In Christianity, the highest ideal has been celibacy (a monopole, not interacting sexually with the other pole, and not needing it). In Communism the highest ideal is the proletarian hero of the Cultural Revolution, a monopole in the sense that he/she appears without connection to Managerial Function, as if self-organising; whereas in any mass society this role must be specialised and concentrated, to avoid chaos. The power and privileges of the managerial elites in China and the USSR were an embarrassment, contradicting the ideal that a society in which all members were equal could spontaneously organise itself. The Western Counterculture student movement (Paris 1968 etc.), partly libertarian Anarchist, partly Trotskyist, and partly inspired by the Marxist Red Guards in Mao's Cultural Revolution (1966-75), suffered from the same contradiction in its "hippy" communes. In Radical Feminism, the ideal is the Lesbian Community [footnote 12], separate from men and uncontaminated by them. Capitalism, Stalinism, Humanism and Applied Science are united in a sense of War against Nature, while Ecofascism is an almost anti-human Crusade against their mechanistic materialism.
The "antagonistic polarity" concepts lead one to project all of one's own "sins" onto the evil "other". On this basis left-wing activists (green, black, gay, women's etc) have felt a need to portray themselves as victims, and maintain a state of innocent victimhood, much as the Pentagon has felt a need to find a "bad guy" against which the U.S. can play the "good guy" in a cosmic battle of righteousness. The cure for such black-and-white polarising is the recognition that the objectified "other" also has some good points, and the "victim" also has its "sins"; both sides are shades of grey. The Complementarity Polarity viewpoint sees the poles as complementary, like the north and south poles of a magnet, neither superior, each necessary to the other, and "harmony" arising from their interaction. Neither tries to destroy the other, each is happy to be itself. Examples are the Daoist (yin/yang) secular philosophy of China, and its religious correlates in India, where an ancient "erotic ascetic" tradition continues, its saints (wrongly labelled "gods" and "goddesses" by European translators) the symbols of human potential and limits. David Maybury-Lewis, in Millenium, showed how traditional societies envisage complementarity: "The ancient Egyptians believed that a totality must consist of the union of opposites. A similar premise ... is at the heart of much Chinese thinking [Daoist etc.] ... Peoples all over the world, in Eurasia, Africa and the Americas, have come to the conclusion that the cosmos is a combining of opposites ...". This is irreconcilable with Radical Feminism, which has been fighting exactly this viewpoint, condemning all those societies.

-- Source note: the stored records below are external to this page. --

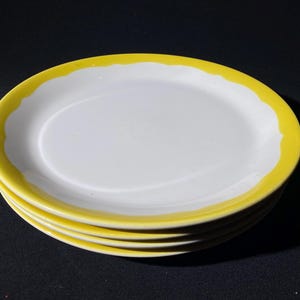 Set van 4 Syracuse China of Canada borden 8,25&quot; gele golf restaurant ware serviesgoed Syralite La Porcelaine 80 vintage SCRATCHES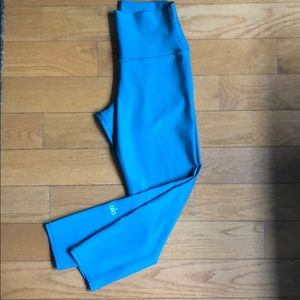 Women’s Alo 3/4 length yoga legging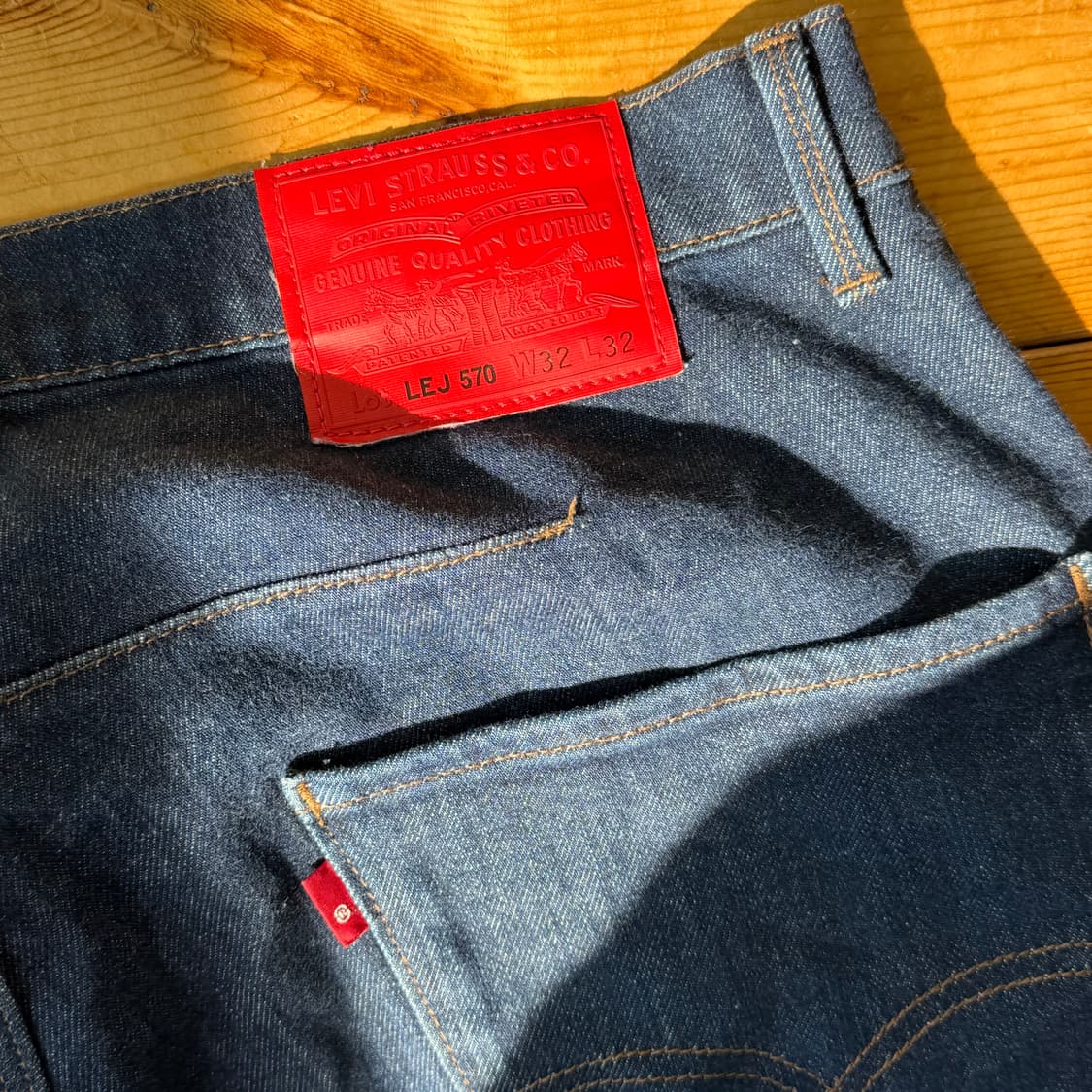 리바이스 엔지니어드진 570 데님 청바지 상품이미지3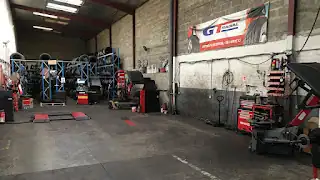 Sv Pneus, La Courneuve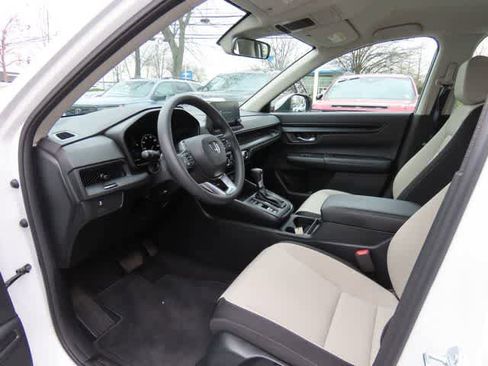 Used 2023 Honda CR-V LX image 2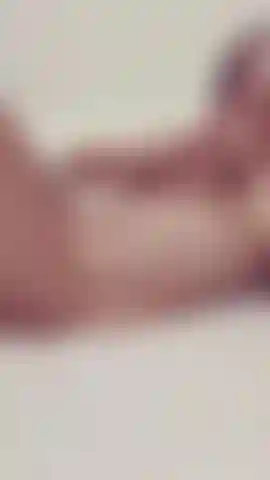 Die meinen kostbaren arsch fingert.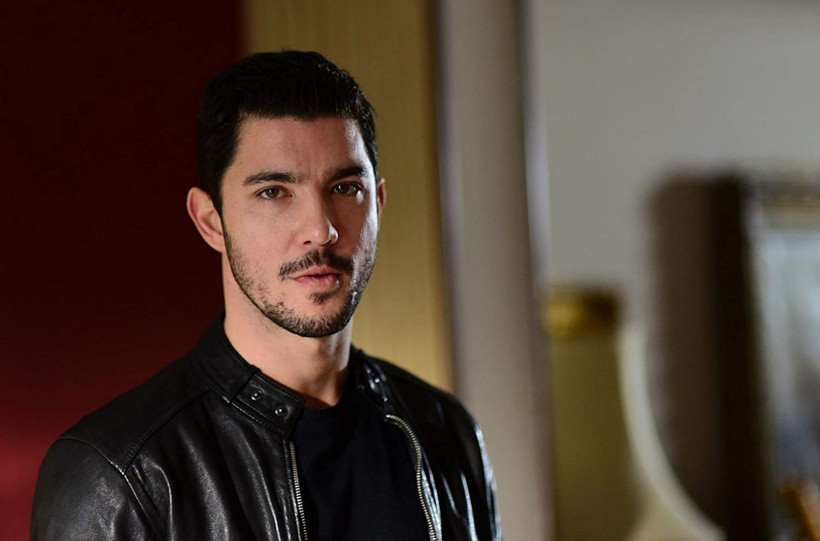 Hande Erçel yeni diziyle anlaştı TRT 1'in Halka'sından apar topar ayrılmıştı - Resim: 3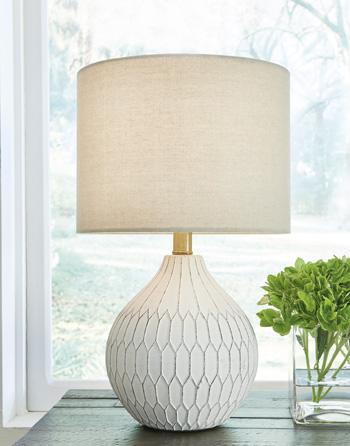 Wardmont Lamp Set - Carl's Furniture (Garden City, KS)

A third viewpoint, perhaps semi-fundamentalist, separates the poles but does not envisage a war between them. It creates a disjunction between pairs that complement each other. Many academic debates, e.g. that between nature & nurture, swing between extremes when the truth lies in the interaction of both variables: nature expects nurture, anticipates it and is "programmed" to receive its input; this was a key insight in John Bowlby's book Attachment. Thus sexual behaviour in primates is both "instinctual" and "learned", in that the social environment normally provides the opportunities for imitation that the individual organism is programmed to look for. Similarly, leftists who focus on the distribution side of the economy but ignore the production side, undermine the capability of a society to sustain the delivery of goods and services for distribution. Ignoring such factors has contributed to the growing debt the "socially responsible" generation is leaving to next one. In Small is Beautiful, Schumacher speaks of the need for both chaos and order, in accomplishing any venture: chaos for creativity, order for the delivery of outcomes. A balance between the two is the best recipe. Stalinism is too orderly, stifling creativity; Laissez-Faire Capitalism is too chaotic. The Keynesian economy is an attempt at a balance, State Management but Private Ownership. But Keynes pointed out (preface, German edition, General Theory) that it is more easily done in a totalitarian (fascist) state.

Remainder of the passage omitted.